The 61 Germans and 13 Austrians exonerated last month — most of them posthumously — were convicted as war criminals by Soviet military courts during and after World War II.

Ignaz Koppensteiner was arrested in Germany by Soviet military police in May 1945 and sent to a Moscow prison.

According to the Kommersant Daily, he was charged four years later on the basis of having been a relative of Hitler and that he was therefore guilty of having "approved of [Hitler's] criminal plans against the USSR."

Koppensteiner, who was not accused of any war crimes, died in a Moscow prison in 1949.

According to a recently declassified criminal file, Koppensteiner was apparently the husband of one of Hitler's first cousins.

Austria had asked for his posthumous pardon.

During and after World War II, Soviet courts convicted as war criminals more than 200,000 foreign citizens who fought in the Axis armies.

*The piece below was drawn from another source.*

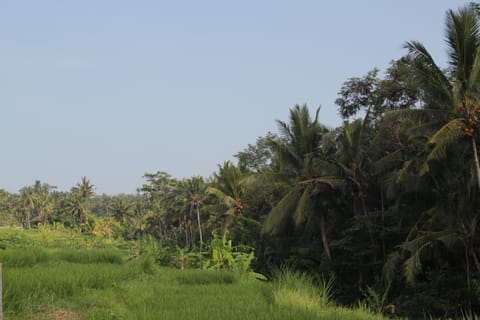 Garden view, Mountain view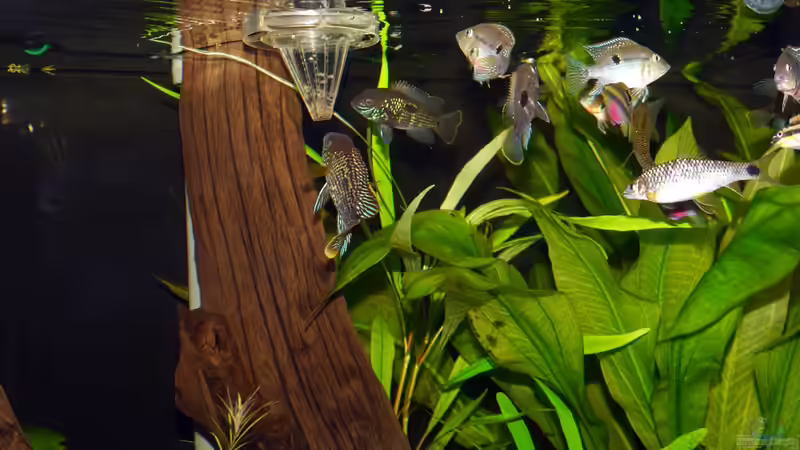 Weiße Mückenlarven von Christof Engel (26)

Some of them were involved in the slaughter of Jews in areas of the Soviet Union that had been overrun by the Nazis.

In 1991, Russia passed a law rehabilitating citizens who had been victims of communist repression. The law was extended to foreigners the following year.

Since then, about 8,000 foreign citizens have been pardoned. Some 2,000 people — among them people found guilty of killing Jews — have been denied pardons.